Testing Guide — jetson-llm¶
Step-by-step testing from first build to production validation.
Step 0: Recommended Test Model¶
TinyLlama 1.1B Q4_K_M — the best model for initial testing:
| Property | Value | Why it's good for testing |
|---|---|---|
| Parameters | 1.1B | Small enough to load fast, debug easily |
| Q4_K_M size | 669 MB | Leaves ~5 GB free — no OOM risk |
| Vocab | 32,000 (Llama tokenizer) | Standard, well-tested GGUF format |
| Architecture | Llama-style | Same tensor names as Llama 3.2 (our target) |
| Context | 2048 | Short — fast prefill |
| Quality | Decent for 1B | Can verify coherent output vs garbage |
| Download | ~670 MB | Fast transfer over USB |
# Download on internet-connected machine
wget -O TinyLlama-1.1B-Q4_K_M.gguf \
"https://huggingface.co/TheBloke/TinyLlama-1.1B-Chat-v1.0-GGUF/resolve/main/tinyllama-1.1b-chat-v1.0.Q4_K_M.gguf"
# Transfer to Jetson
scp TinyLlama-1.1B-Q4_K_M.gguf user@192.168.55.1:/opt/models/
After TinyLlama works, graduate to the real target:
| Stage | Model | Size | Purpose |
|---|---|---|---|
| 1. First boot | TinyLlama 1.1B Q4_K_M | 669 MB | Validate loading, tokenizer, basic output |
| 2. Correctness | Llama 3.2 1B Q4_K_M | 750 MB | Verify modern GGUF format + GQA |
| 3. Target model | Llama 3.2 3B Q4_K_M | 1.8 GB | The actual deployment model |
| 4. Stress test | Phi-3 Mini 3.8B Q4_K_M | 2.3 GB | Larger model, tighter memory |
| 5. Limit test | Llama 3.3 8B Q4_K_M | 4.6 GB | Edge of what fits — tests OOM guard |
Step 1: Build on Jetson¶
# SSH into Jetson
ssh user@192.168.55.1
# Clone or copy the project
cd /opt
git clone <your-repo-url> jetson-llm-runtime
cd jetson-llm-runtime
# First-time setup (sets power mode, checks system)
./scripts/setup_jetson.sh
# Or manual build
cmake -B build \
-DGGML_CUDA=ON \
-DCMAKE_CUDA_ARCHITECTURES="87" \
-DCMAKE_BUILD_TYPE=Release
cmake --build build -j$(nproc)
Expected output:
-- The C compiler identification is GNU 11.4.0
-- The CXX compiler identification is GNU 11.4.0
-- The CUDA compiler identification is NVIDIA 12.6
-- CUDA architectures: 87
...
[100%] Built target jetson-llm
If build fails:
- nvcc not found → install: sudo apt install cuda-toolkit-12-6
- aarch64 check fails → you're cross-compiling on x86 (not supported, build on Jetson)

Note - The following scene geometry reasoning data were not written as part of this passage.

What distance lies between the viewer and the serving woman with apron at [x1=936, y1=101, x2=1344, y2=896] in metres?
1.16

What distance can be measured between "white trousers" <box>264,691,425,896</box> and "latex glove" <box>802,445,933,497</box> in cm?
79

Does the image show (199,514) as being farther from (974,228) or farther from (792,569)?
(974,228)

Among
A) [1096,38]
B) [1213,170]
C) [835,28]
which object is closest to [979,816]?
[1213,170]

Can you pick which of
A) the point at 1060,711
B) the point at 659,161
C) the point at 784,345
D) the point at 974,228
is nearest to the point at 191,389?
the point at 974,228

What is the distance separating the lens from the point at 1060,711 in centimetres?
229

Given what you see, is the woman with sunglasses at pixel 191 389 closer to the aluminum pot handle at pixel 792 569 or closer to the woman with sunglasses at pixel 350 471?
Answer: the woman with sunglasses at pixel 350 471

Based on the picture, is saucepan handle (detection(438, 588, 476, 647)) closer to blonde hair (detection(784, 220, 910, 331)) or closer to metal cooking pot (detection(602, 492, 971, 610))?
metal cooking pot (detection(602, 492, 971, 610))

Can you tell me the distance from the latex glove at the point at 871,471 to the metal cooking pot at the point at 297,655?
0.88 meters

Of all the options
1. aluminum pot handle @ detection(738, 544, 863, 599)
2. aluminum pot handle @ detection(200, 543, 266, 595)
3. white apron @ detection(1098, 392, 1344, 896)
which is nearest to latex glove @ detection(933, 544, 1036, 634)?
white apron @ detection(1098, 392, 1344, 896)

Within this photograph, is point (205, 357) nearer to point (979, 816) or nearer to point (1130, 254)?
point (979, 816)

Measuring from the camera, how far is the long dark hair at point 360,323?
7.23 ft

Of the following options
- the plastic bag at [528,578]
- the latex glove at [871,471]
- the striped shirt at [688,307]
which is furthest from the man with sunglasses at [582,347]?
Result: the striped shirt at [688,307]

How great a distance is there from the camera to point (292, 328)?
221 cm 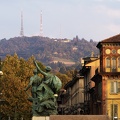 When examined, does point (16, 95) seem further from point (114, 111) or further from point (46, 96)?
point (46, 96)

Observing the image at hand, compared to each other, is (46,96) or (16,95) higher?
(16,95)

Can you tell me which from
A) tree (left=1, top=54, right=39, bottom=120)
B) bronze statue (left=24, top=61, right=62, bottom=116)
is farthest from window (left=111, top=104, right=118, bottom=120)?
bronze statue (left=24, top=61, right=62, bottom=116)

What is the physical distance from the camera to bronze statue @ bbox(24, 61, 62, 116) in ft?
160

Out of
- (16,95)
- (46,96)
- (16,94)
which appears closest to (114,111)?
(16,95)

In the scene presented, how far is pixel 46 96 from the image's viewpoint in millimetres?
48938

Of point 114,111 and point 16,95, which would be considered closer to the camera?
point 114,111

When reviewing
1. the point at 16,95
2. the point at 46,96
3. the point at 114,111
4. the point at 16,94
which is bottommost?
the point at 46,96

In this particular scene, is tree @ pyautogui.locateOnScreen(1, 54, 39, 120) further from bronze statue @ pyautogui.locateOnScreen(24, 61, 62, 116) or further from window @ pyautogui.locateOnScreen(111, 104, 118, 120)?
bronze statue @ pyautogui.locateOnScreen(24, 61, 62, 116)

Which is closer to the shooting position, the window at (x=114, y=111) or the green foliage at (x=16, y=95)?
the window at (x=114, y=111)

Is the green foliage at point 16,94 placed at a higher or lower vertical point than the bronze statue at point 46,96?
higher

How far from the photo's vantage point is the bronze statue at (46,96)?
48.8m

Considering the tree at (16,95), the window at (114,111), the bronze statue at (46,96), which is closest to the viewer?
the bronze statue at (46,96)

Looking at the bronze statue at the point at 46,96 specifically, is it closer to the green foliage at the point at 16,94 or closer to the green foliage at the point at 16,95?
the green foliage at the point at 16,95

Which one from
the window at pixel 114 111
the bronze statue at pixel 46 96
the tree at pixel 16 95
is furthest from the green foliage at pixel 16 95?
the bronze statue at pixel 46 96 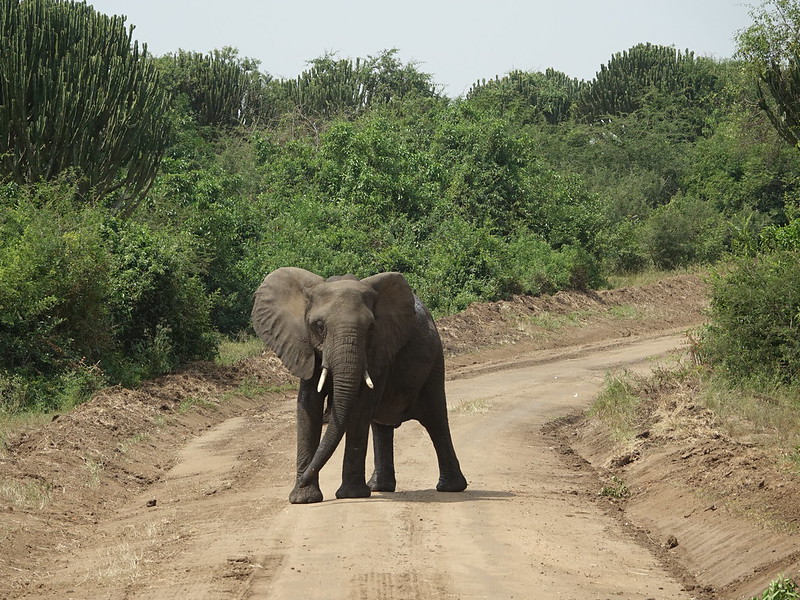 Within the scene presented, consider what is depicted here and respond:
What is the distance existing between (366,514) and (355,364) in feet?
4.61

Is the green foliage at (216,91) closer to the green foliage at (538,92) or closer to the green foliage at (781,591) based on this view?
the green foliage at (538,92)

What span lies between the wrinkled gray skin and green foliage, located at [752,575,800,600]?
15.5ft

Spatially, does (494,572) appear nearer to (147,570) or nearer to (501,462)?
(147,570)

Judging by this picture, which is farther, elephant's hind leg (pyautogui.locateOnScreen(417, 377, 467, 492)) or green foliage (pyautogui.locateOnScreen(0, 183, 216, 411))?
green foliage (pyautogui.locateOnScreen(0, 183, 216, 411))

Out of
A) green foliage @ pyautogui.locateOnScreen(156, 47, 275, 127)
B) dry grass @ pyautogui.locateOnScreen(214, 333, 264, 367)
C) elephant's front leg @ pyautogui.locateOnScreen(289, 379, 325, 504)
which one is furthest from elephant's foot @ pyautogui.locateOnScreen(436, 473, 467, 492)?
green foliage @ pyautogui.locateOnScreen(156, 47, 275, 127)

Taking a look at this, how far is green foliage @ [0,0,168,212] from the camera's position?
80.4ft

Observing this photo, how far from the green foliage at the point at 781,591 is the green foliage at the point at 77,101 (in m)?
19.3

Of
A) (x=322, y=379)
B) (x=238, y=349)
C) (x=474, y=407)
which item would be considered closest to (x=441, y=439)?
(x=322, y=379)

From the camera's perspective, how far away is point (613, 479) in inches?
547

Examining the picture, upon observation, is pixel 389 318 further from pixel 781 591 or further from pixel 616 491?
pixel 781 591

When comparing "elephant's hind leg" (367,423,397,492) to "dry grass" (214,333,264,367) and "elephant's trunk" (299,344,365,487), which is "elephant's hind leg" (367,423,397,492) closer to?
"elephant's trunk" (299,344,365,487)

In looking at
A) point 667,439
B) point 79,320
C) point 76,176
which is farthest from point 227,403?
point 667,439

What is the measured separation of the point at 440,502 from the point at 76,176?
17.0 m

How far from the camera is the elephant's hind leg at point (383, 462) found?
12484mm
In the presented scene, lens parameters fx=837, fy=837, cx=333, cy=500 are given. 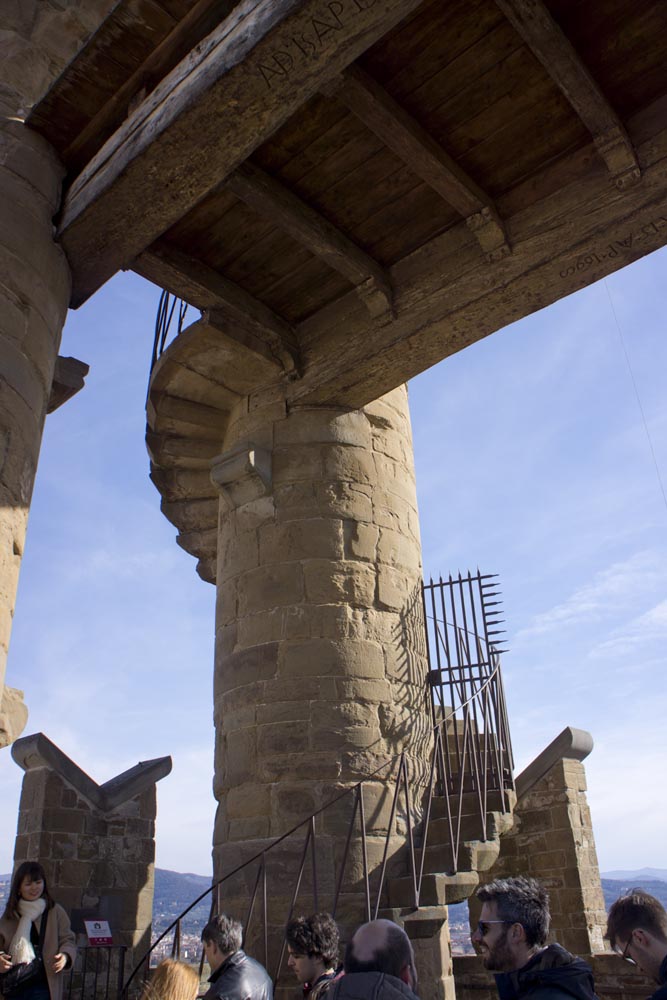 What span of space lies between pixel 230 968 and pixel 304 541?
337cm

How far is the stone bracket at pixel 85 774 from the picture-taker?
7195 millimetres

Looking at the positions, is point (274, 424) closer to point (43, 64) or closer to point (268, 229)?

- cuda_fp16.h not found → CUDA toolkit incomplete: sudo apt install cuda-*-12-6
Step 2: Test Memory Subsystem (No Model Needed)¶
Expected output:
╔══════════════════════════════════╗
║ JLLM Memory Budget ║
╠══════════════════════════════════╣
║ Total DRAM: 7633 MB ║
║ OS + kernel: - 500 MB ║
║ CMA reserved: - 768 MB ║
║ CUDA context: - 300 MB ║
║ Model weights: - 0 MB ║
║ KV cache: - 0 MB ║
║ Scratch: - 0 MB ║
║ Safety margin: - 256 MB ║
╠══════════════════════════════════╣
║ FREE: 5809 MB ║
╚══════════════════════════════════╝
PASS: probe_system_memory
Free: 5814 MB
PASS: OOMGuard
PASS: ScratchPool
All memory tests passed.
What to check:
- Total DRAM should be ~7633 MB (not 8192 — carveouts take the rest)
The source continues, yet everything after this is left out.